Because we need authentic hospitality (take one look at the news…our world is every shade of crazy and I’m convinced opening our hearts and homes is a beautiful first step towards restoration). Our world needs you, and all you have to offer.
Know what that means? Whatever gifts you have — they’ve been given for the use of one another. We can’t hide them away and assume they’re meant only for ourselves. We must use them to the best of our abilities. We’re given gifts to infuse facets of God’s character into the hearts and minds of those around us.
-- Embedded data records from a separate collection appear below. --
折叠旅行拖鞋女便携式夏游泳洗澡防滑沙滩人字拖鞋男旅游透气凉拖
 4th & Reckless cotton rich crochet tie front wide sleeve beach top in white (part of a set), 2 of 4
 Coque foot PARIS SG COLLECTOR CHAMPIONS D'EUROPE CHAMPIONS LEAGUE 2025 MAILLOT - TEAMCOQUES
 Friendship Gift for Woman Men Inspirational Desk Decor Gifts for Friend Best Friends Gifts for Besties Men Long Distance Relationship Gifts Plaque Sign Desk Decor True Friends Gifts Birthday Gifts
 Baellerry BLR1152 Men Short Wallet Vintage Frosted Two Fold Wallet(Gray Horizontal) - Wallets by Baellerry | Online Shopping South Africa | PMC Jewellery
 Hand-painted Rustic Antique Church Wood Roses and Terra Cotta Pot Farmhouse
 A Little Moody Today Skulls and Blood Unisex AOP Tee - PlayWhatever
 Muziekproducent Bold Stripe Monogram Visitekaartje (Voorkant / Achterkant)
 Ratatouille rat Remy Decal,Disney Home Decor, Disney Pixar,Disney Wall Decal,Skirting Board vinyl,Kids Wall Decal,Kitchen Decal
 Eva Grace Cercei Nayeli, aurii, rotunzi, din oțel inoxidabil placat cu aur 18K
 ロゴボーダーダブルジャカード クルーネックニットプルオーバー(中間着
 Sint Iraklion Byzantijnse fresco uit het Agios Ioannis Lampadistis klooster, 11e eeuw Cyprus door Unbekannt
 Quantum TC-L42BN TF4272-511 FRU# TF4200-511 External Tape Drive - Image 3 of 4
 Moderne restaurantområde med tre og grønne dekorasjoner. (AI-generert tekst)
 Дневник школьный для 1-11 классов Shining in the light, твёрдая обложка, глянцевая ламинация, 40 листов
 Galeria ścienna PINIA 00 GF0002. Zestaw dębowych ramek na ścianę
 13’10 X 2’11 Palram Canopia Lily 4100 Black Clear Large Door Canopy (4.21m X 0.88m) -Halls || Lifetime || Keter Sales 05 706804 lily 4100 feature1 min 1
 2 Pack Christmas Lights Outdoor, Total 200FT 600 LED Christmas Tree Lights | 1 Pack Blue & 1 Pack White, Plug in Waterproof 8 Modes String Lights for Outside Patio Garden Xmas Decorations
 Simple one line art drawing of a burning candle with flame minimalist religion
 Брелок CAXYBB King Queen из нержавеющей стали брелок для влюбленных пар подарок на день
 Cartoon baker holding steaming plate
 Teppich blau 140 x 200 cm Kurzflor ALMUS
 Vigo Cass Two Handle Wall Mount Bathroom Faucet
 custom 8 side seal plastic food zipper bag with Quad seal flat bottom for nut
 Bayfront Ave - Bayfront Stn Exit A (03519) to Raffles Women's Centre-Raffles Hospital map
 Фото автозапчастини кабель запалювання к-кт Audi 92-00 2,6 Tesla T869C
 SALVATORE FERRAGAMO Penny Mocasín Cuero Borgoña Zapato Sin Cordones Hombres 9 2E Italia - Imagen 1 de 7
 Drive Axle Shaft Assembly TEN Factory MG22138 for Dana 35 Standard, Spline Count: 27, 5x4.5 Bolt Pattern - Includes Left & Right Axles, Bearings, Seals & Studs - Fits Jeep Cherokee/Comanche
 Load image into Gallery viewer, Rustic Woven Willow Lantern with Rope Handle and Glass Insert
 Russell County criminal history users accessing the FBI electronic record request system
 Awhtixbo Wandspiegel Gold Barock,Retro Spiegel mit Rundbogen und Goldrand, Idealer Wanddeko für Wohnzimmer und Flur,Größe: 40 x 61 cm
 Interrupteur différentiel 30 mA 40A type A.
Our gifts enhance hospitality.
You make hospitality more meaningful when you play to your strengths and use your gifts. This will keep you from exhausting yourself on the unimportant as you invite people to gather.
But how do you do this? Here are some practical examples:
If you’re an incredible cook (but terrible gardener) and your kitchen is a place of coziness for all who gather there, spend your time making your famous homemade bacon carbonara. Let the weeds, bushes, and runaway flowers take over the yard.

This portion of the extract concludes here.